START Exercise materials

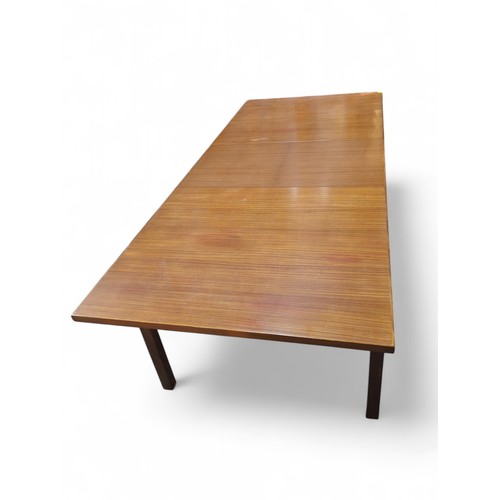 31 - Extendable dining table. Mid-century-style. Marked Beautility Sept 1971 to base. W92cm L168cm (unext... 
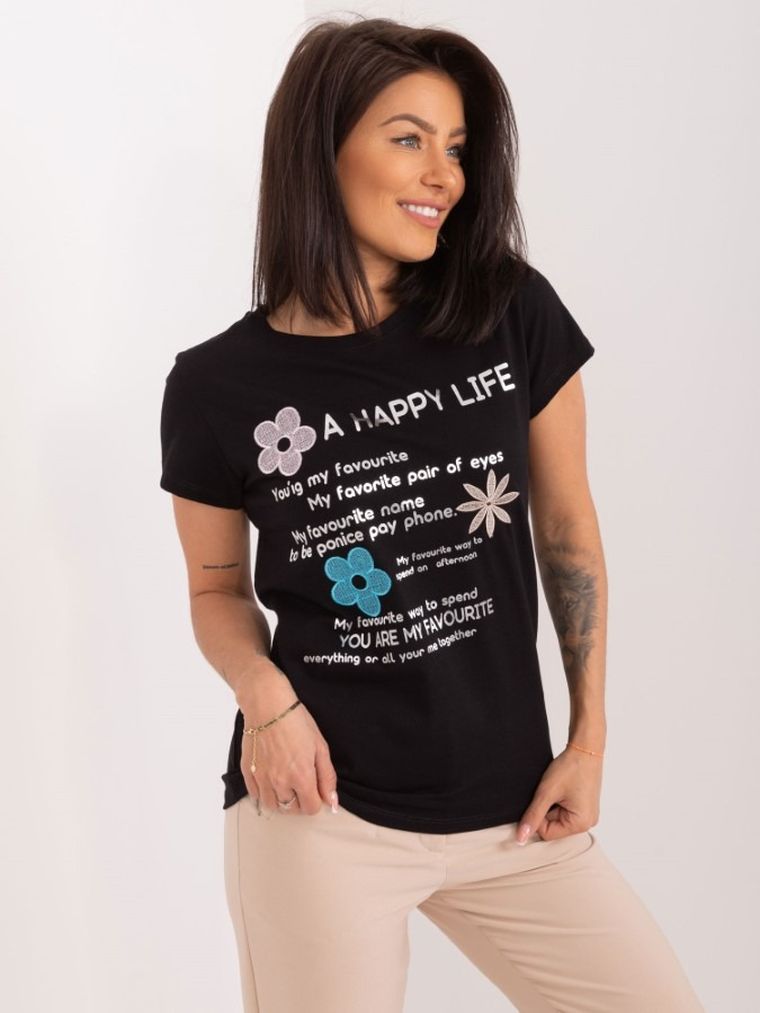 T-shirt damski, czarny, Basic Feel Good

END Exercise materials
START Exercise materials

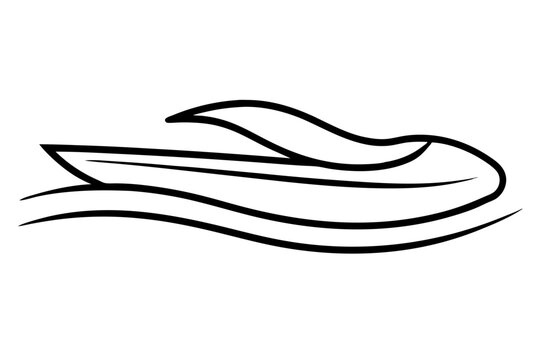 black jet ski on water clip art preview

END Exercise materials

Exercise objective: Drop the pictures; return the lines above from the line containing "31 - Extendable" to the line containing "T-shirt damski, czarny, Basic Feel Good", both included, exactly.

Response area:
 31 - Extendable dining table. Mid-century-style. Marked Beautility Sept 1971 to base. W92cm L168cm (unext... 
 T-shirt damski, czarny, Basic Feel Good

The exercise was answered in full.